Problem details: What you give back should be exactly the lines from the one with "Fotos del partido" through the end of the data, without the pictures.

[Crawled caption data]
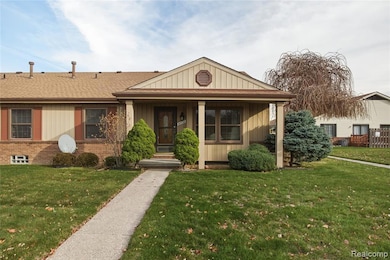 24532 Greenhill Rd unit 26, Warren, MI 48091 - photo 3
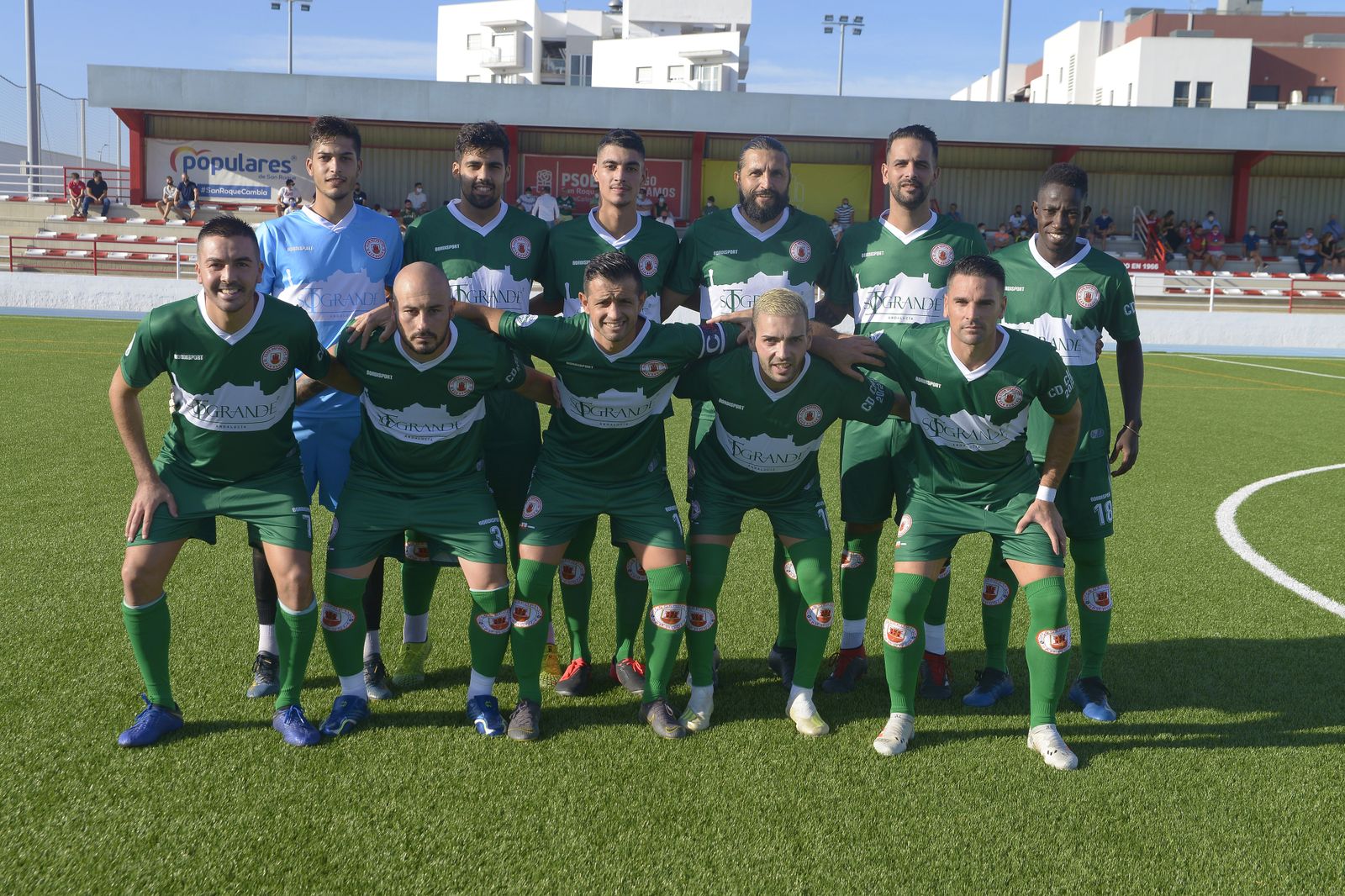 Fotos del partido entre UD San Roque y San Bernardo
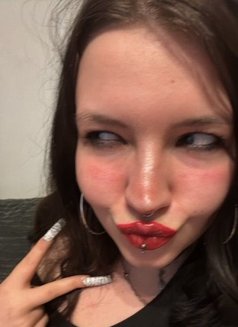 Lily - escort in Kuwait Photo 2 of 3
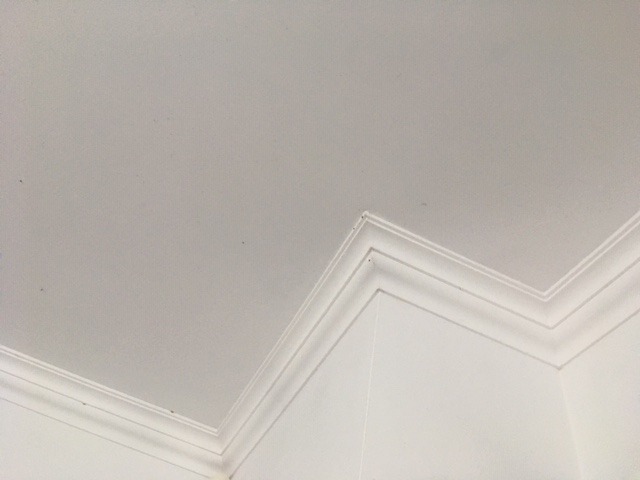 Montaż sztukaterii, listew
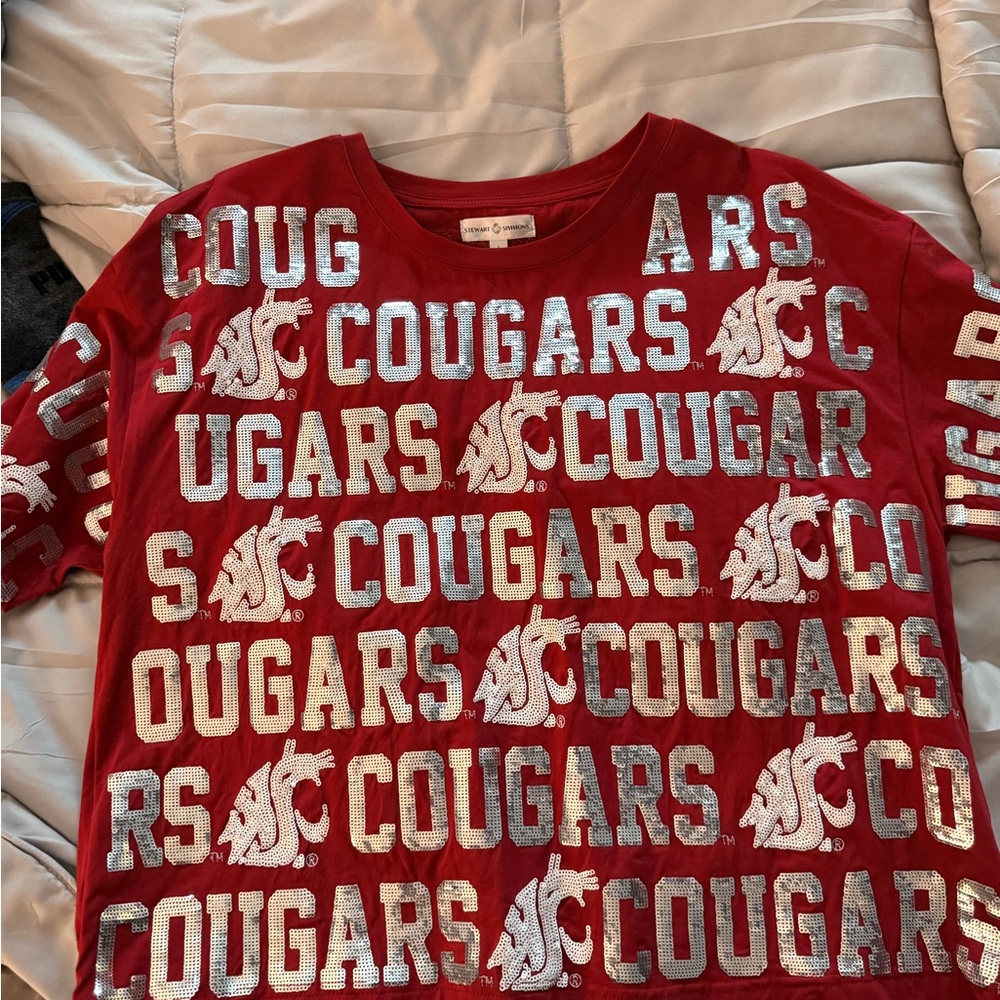 WSU women’s short sleeve sparkle shirt.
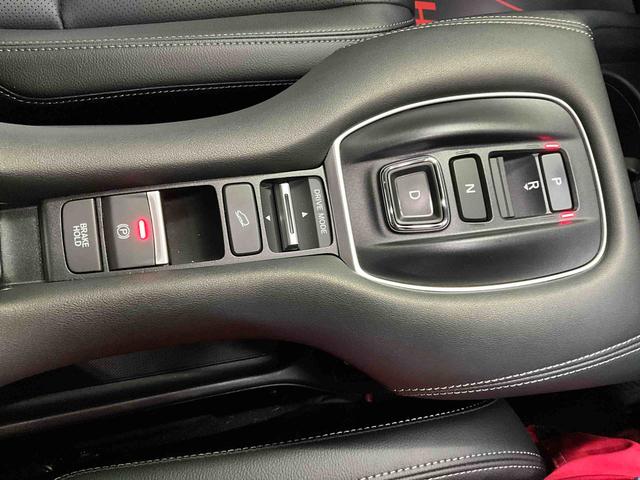 ＺＲ－Ｖ ｅ：ＨＥＶ　Ｚ　ナビ　パノラマモニター　ＥＴＣ２．０　ドライブレコーダー　アルミホイール　オートライト　デュアルエアバッグ　ＡＢＳ　安全ボディ　パワーシート　ＬＥＤヘッドランプ　プッシュボタンスタート　キーフリー（10枚目）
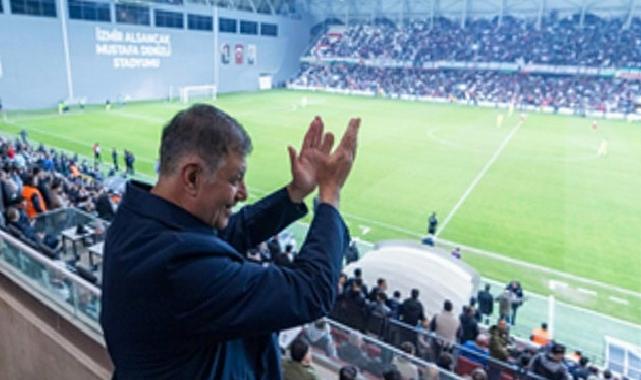 Türk futbolunun efsanesinden Lider Tugay’a Karşıyaka Stadı teşekkürü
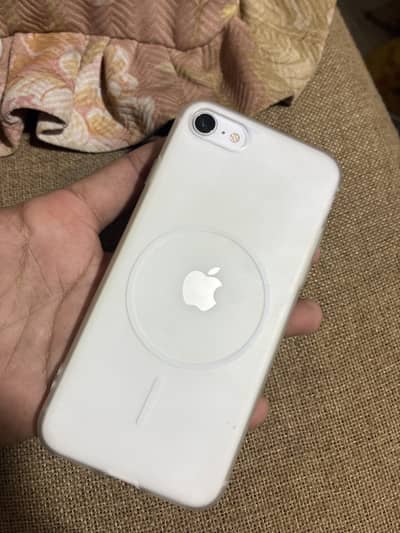 Apple iPhone SE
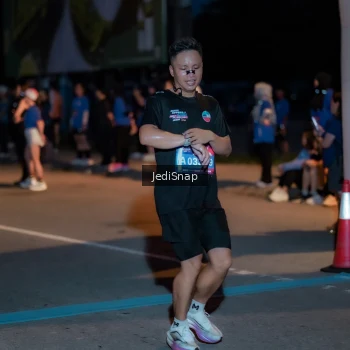 Runner Photo 3781756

Answer area:
 Fotos del partido entre UD San Roque y San Bernardo
 Lily - escort in Kuwait Photo 2 of 3
 Montaż sztukaterii, listew
 WSU women’s short sleeve sparkle shirt.
 ＺＲ－Ｖ ｅ：ＨＥＶ　Ｚ　ナビ　パノラマモニター　ＥＴＣ２．０　ドライブレコーダー　アルミホイール　オートライト　デュアルエアバッグ　ＡＢＳ　安全ボディ　パワーシート　ＬＥＤヘッドランプ　プッシュボタンスタート　キーフリー（10枚目）
 Türk futbolunun efsanesinden Lider Tugay’a Karşıyaka Stadı teşekkürü
 Apple iPhone SE
 Runner Photo 3781756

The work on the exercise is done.